We are developing 100-GWh heat-storage systems for use with 1000-MW Concentrated Solar Power (CSP) and nuclear reactor systems with capital cost goals of several dollars per kWh of heat storage—a factor of 50 under lithium ion batteries per unit of electricity. The capabilities of a 100-GWh heat storage system are similar to the Tennessee Valley Authority Raccoon Mountain pumped hydro facility that can provide 1652 MW(e) for 22 hours to address daily to weekly storage. The low capital cost of the Crushed Rock Ultra-large Stored Heat (CRUSH) system is only possible in large-capacity systems; thus, the CSP system average 24/7 heat inputs may exceed 1000 MW to match the heat storage capacity. Hot oil or nitrate salt is pumped from multiple solar farms or towers to the central CRUSH system and associated power block. The peak power block output may be 2 to 4 times average output with large economics of scale relative to the smaller power blocks associated with existing CSP systems. The cost savings from the large storage and the power block exceed the cost of hot oil or hot nitrate salt insulated pipelines over 10+ kilometers. The heat is stored in crushed rock in piles 20 m high and up to 250 m by 250 m on a side within an insulated floor and building structure. The sides of the rock pile are sloped rock that allow rock expansion and contraction with temperature without generating mechanical forces against walls.
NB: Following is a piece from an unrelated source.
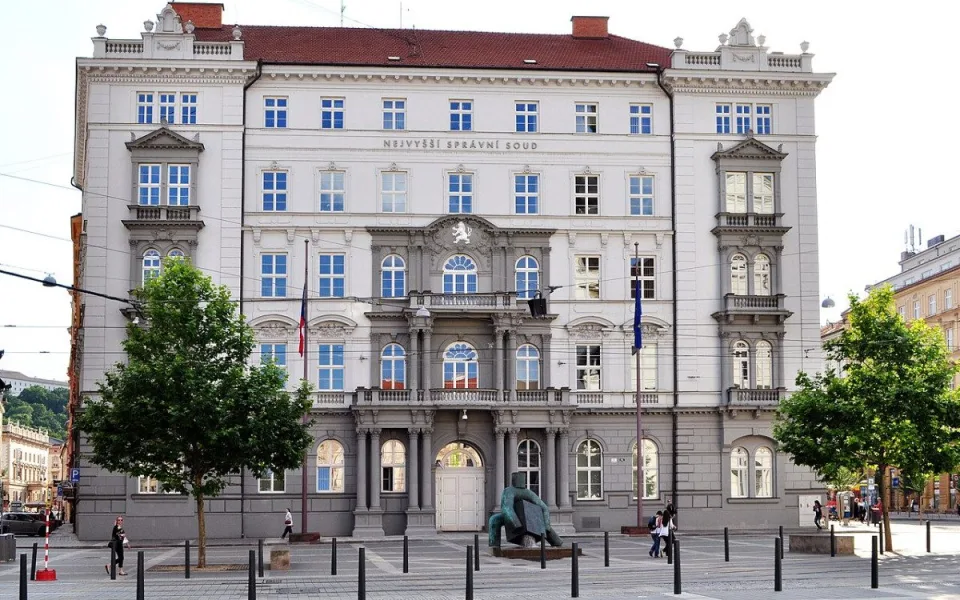 Jedna minuta zastupitelům k přednesení dotazu nestačí, potvrdil NSS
Heat is transferred from CSP to the crushed rock and then to the power cycle using (1) heat transfer oils for lower-temperature power systems to 400°C or (2) nitrate salts for higher-temperature power systems to 600°C. In charging mode, hot heat transfer fluid is sprayed over crushed rock and drains through the rock to the collection pans at the bottom to be reheated. Sections of rock are heated sequentially. In discharge mode cold heat transfer fluid is sprayed over crushed rock and drains through the rock to the collection pans below to deliver hot fluid to the power cycle. Heat storage costs are minimized by three features. Crushed rock is the lowest-cost storage material. The large building size minimizes the surface-to-volume ratio and thus building, insulation and foundation costs. The inventory and thus cost of oil and nitrate salt is minimized by using these fluids to transfer heat from CSP collectors to storage and then to the power block—but not for heat storage.

Date issued

2023-10-06

URI

https://hdl.handle.net/1721.1/164890

Department

Massachusetts Institute of Technology. Department of Nuclear Science and Engineering

Journal

AIP Conference Proceedings

Publisher

AIP Publishing

Citation

Charles Forsberg; 1000-MW CSP with 100-gigawatt-hour crushed-rock heat storage to replace dispatchable fossil-fuel electricity. AIP Conf. Proc. 6 October 2023; 2815 (1): 060001.

Version: Final published version